Aim of the exercise » After finding the line that holds "What is Ivermectin" below, set down that line and the rest through the final one exactly, leaving the pictures out.

Collected data
====================

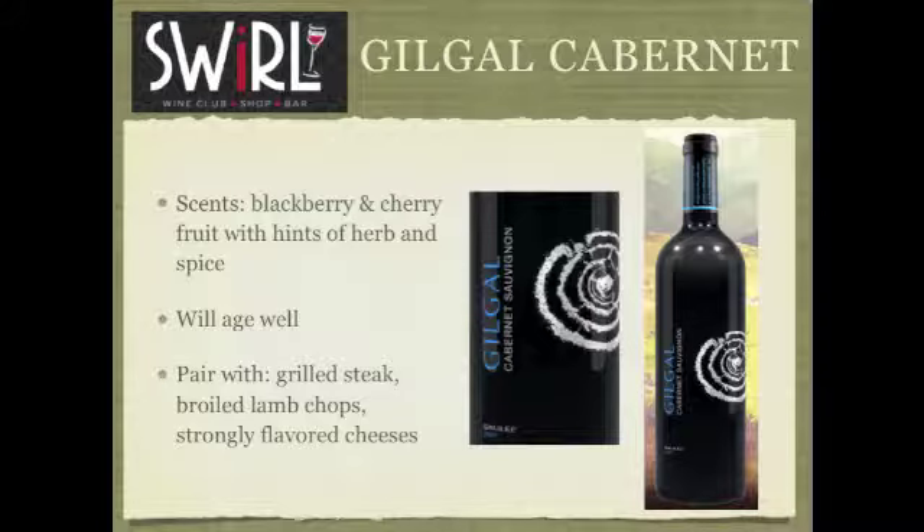We're going to go right to the king of reds, which is Cabernet Sauvignon. It's fresh, but not as much heavy berry as, like, a California Cabernet. There are more hints of oak and herb and spice than just over the top. For people who want to search it, the producer is spelled G-I-L-G-A-L. Gilgal.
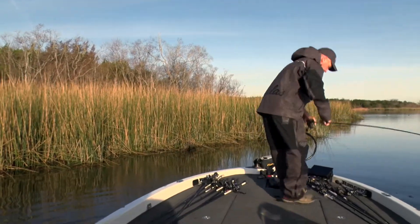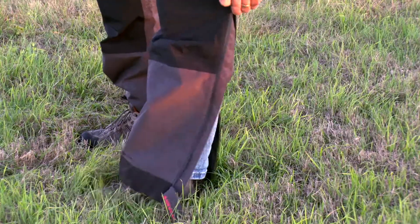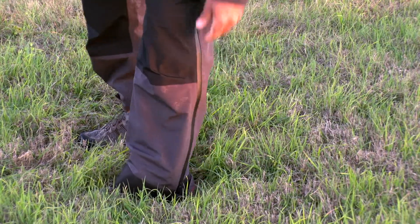The look of it — it's kind of got a pattern all over it, and to me it just looks really sharp. And then on the legs, it's got zippers all the way down the side, protected zippers so that water can't get in.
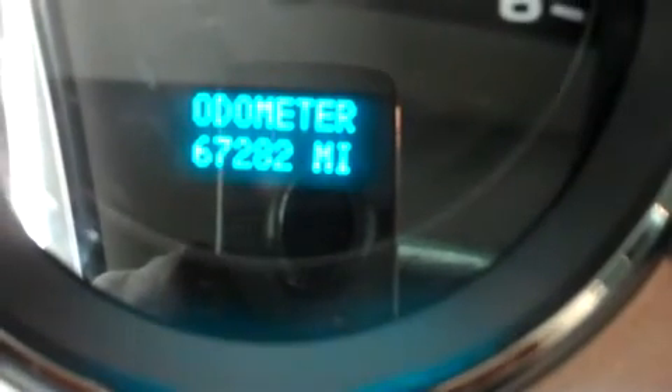Just so you can see the odometer, it reads 67,282 miles at the time of this video.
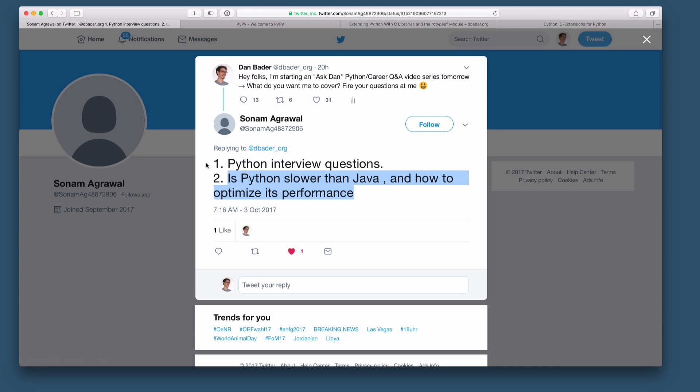Is Python slower than Java? And how can you optimize its performance? Great question by Sanam. So a couple of thoughts on this.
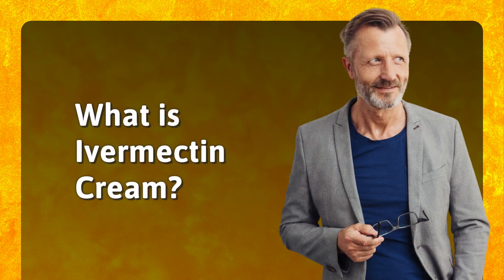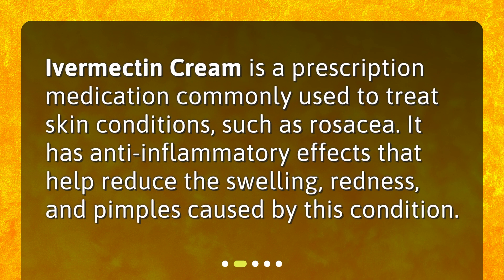What is Ivermectin Cream? Ivermectin Cream is a prescription medication commonly used to treat skin conditions, such as rosacea. It has anti-inflammatory effects that help reduce the swelling, redness, and pimples caused by this condition.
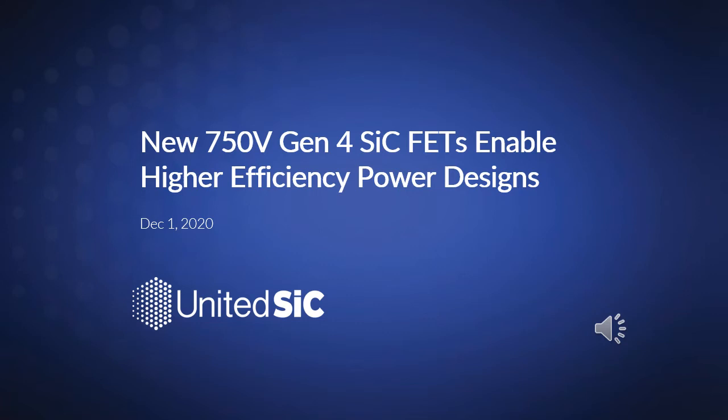Hi everyone. In this presentation we'll take a look at the new 750 volt generation 4 SiC FETs from United Silicon Carbide and how their characteristics enable higher efficiency and higher density power designs.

====================

Solution below »
What is Ivermectin Cream? Ivermectin Cream is a prescription medication commonly used to treat skin conditions, such as rosacea. It has anti-inflammatory effects that help reduce the swelling, redness, and pimples caused by this condition.
Hi everyone. In this presentation we'll take a look at the new 750 volt generation 4 SiC FETs from United Silicon Carbide and how their characteristics enable higher efficiency and higher density power designs.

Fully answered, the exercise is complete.